Instructions for the task: Transcribe the data exactly, omitting whatever pictures it holds.

Data supplied:
= Beginning of Section =
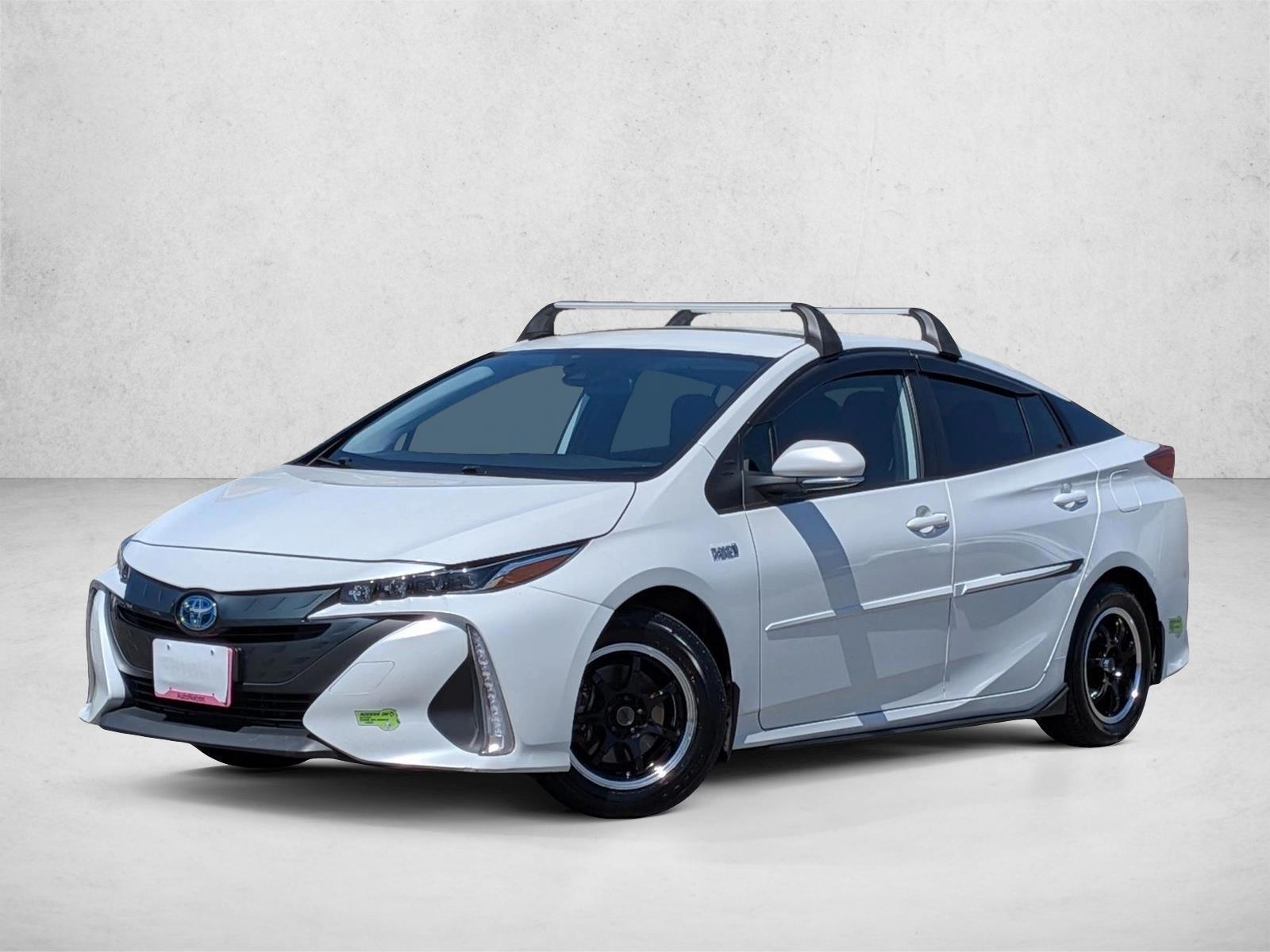 Thumbnail: 2022 Toyota Prius Prime - 1
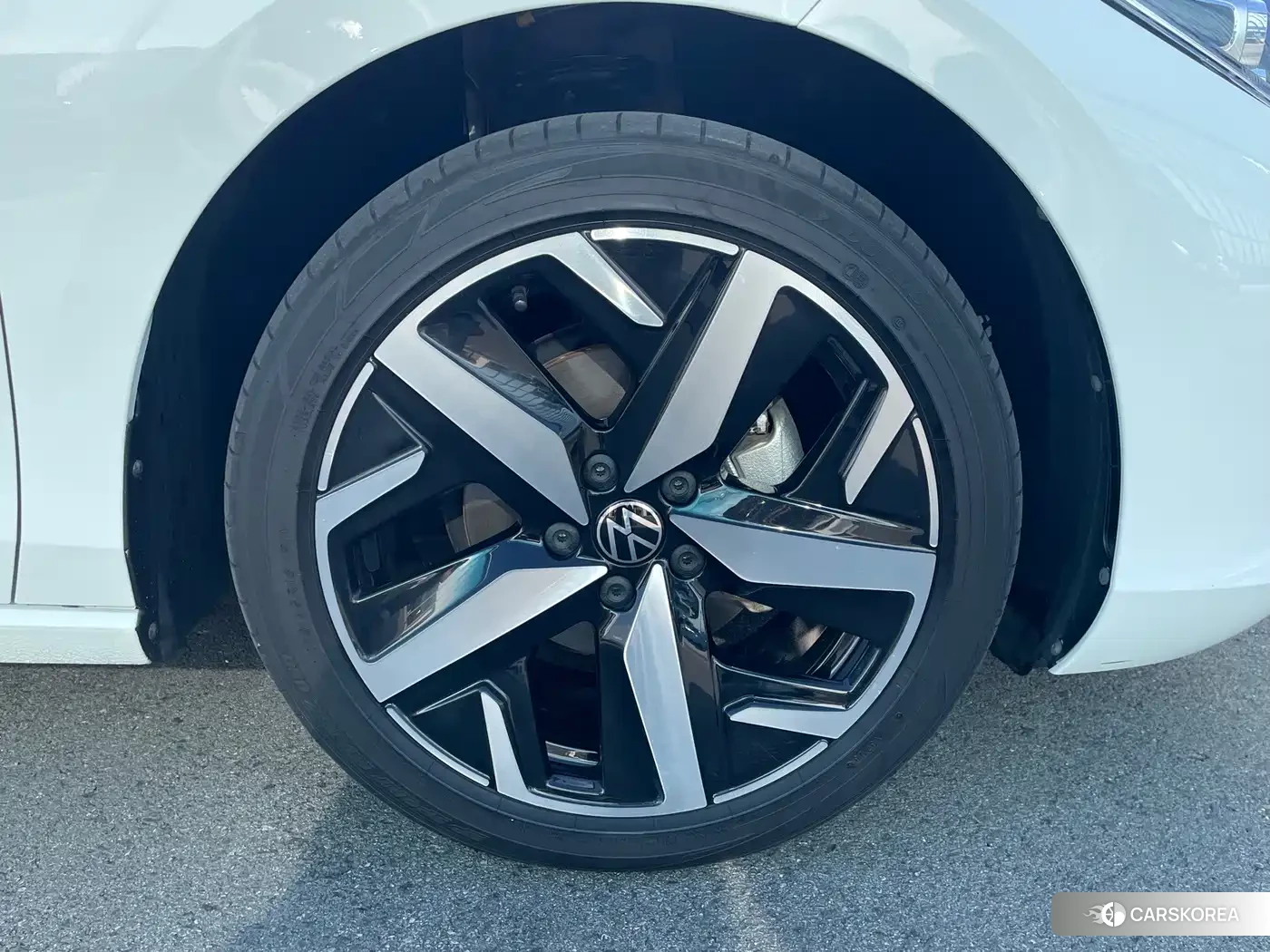 Volkswagen Lamando 2024 Белый из Китая
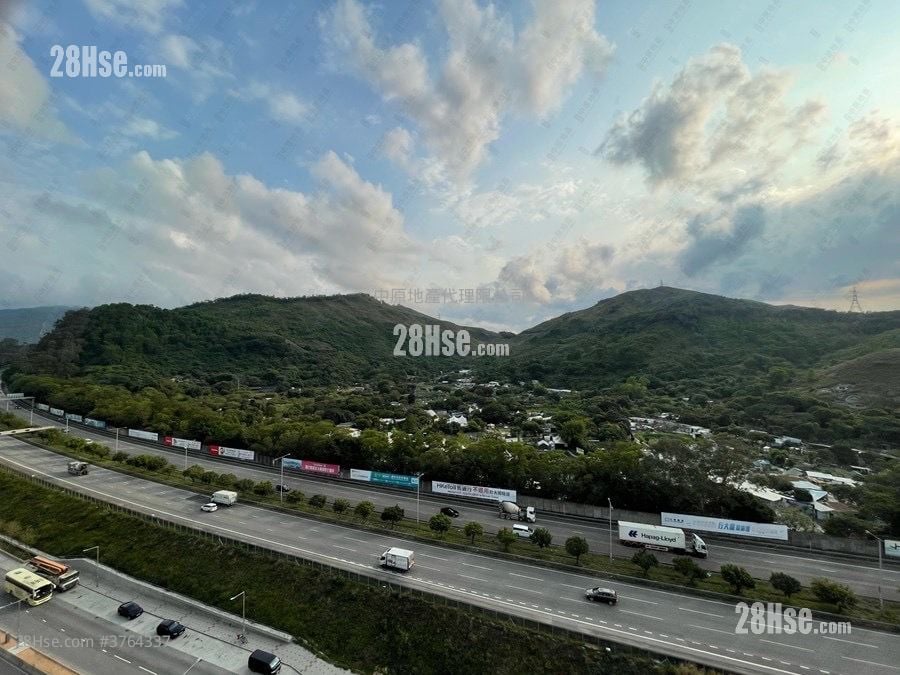 Grand Mayfair  Sell 2 Bedrooms 462 ft²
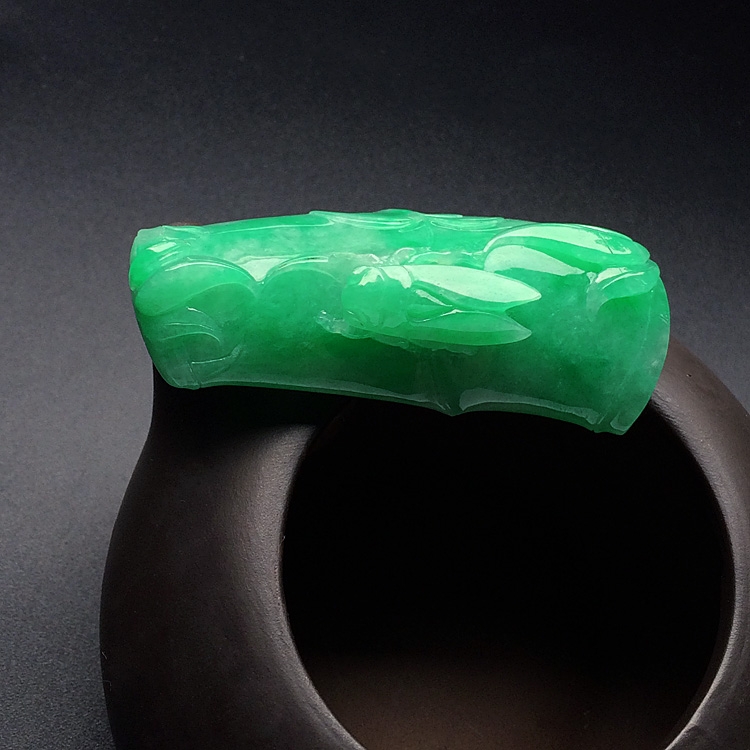 糯冰种翠色节节高挂件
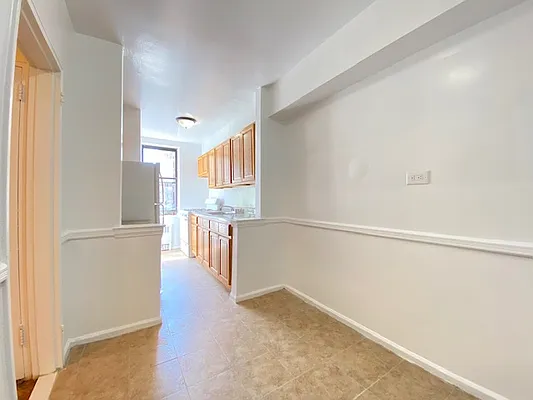 Rented by Queens Apartments Realty LLC | media 11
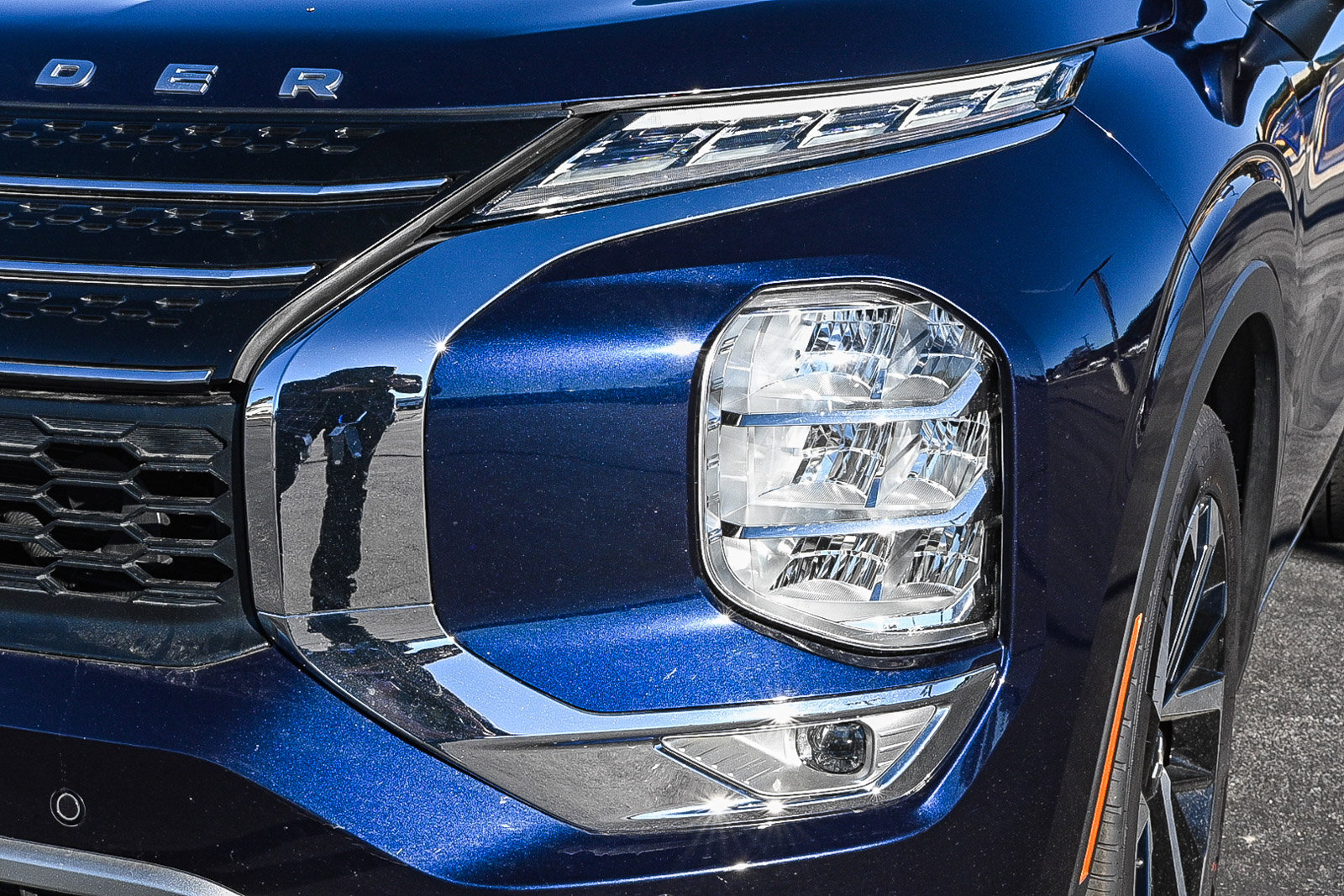 Used 2022 Mitsubishi Outlander SEL image 4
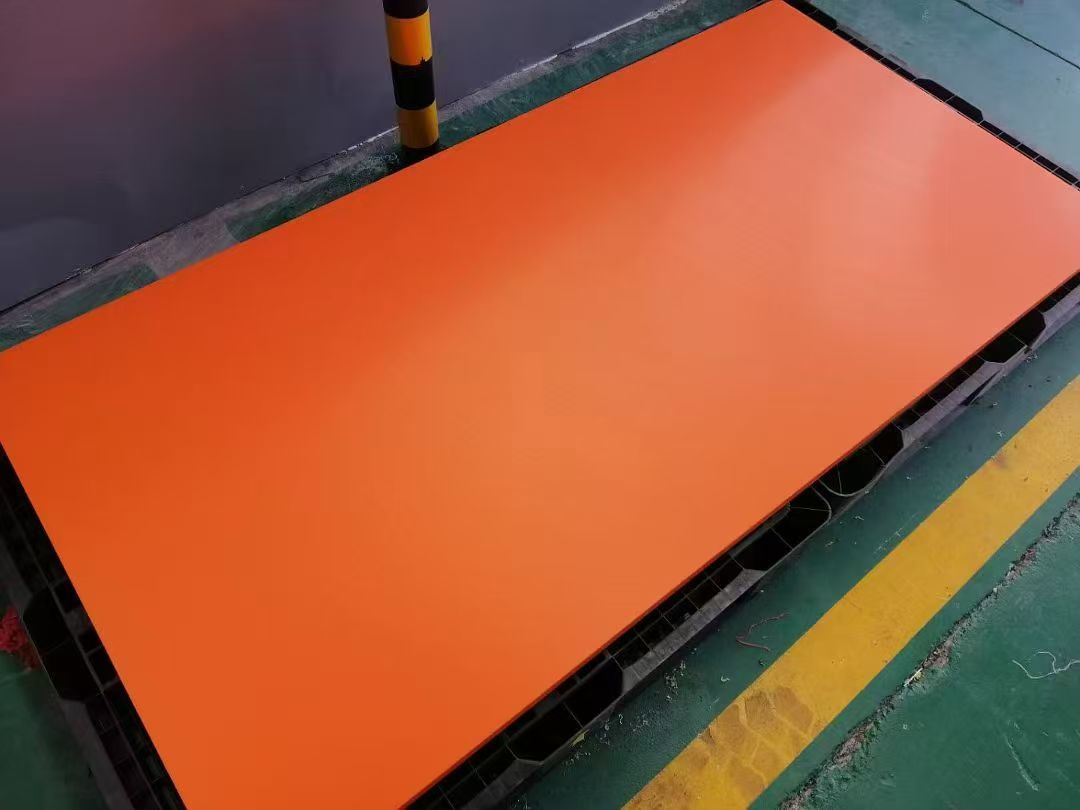 Оранжевый лист HDPE толщиной 10 мм, размером 1 метр * 2 метра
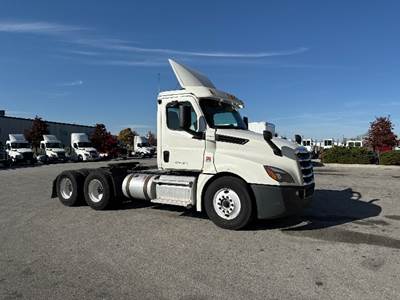 Freightliner Cascadia 126 Day Cab Truck - 435HP, 12 Speed Automatic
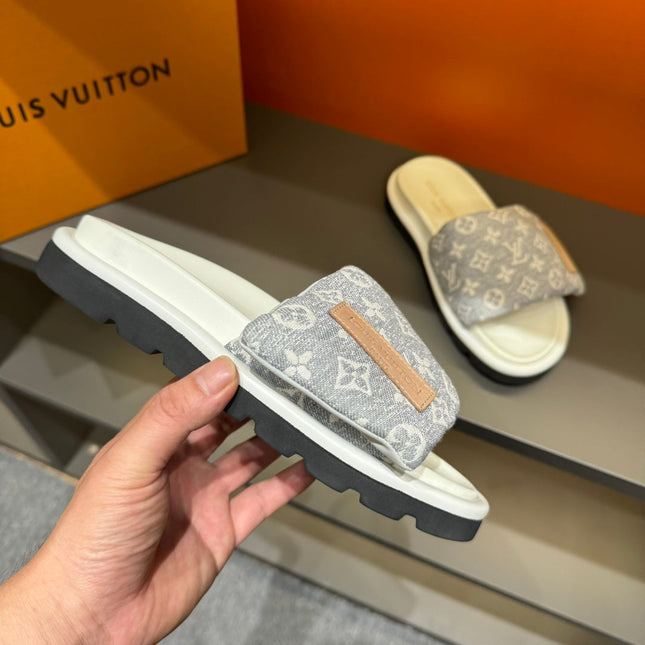 LV VELCRO SLIPPERS IN GREY MONOGRAM JACQUARD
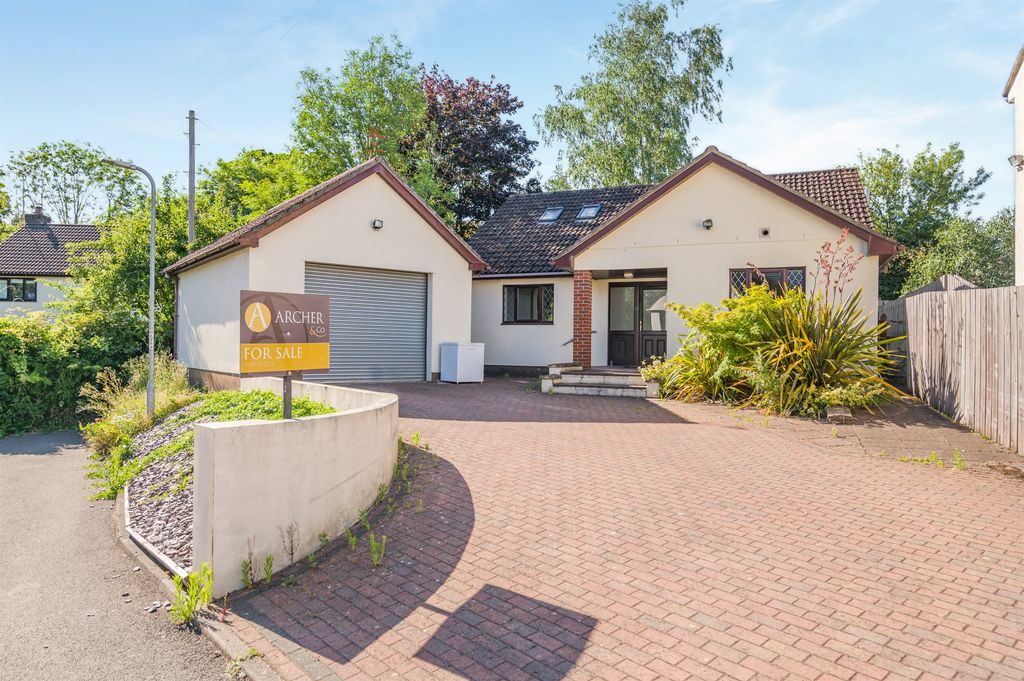 Property photo 1 of 22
= End of Section =
Solved exercise:
 Thumbnail: 2022 Toyota Prius Prime - 1
 Volkswagen Lamando 2024 Белый из Китая
 Grand Mayfair  Sell 2 Bedrooms 462 ft²
 糯冰种翠色节节高挂件
 Rented by Queens Apartments Realty LLC | media 11
 Used 2022 Mitsubishi Outlander SEL image 4
 Оранжевый лист HDPE толщиной 10 мм, размером 1 метр * 2 метра
 Freightliner Cascadia 126 Day Cab Truck - 435HP, 12 Speed Automatic
 LV VELCRO SLIPPERS IN GREY MONOGRAM JACQUARD
 Property photo 1 of 22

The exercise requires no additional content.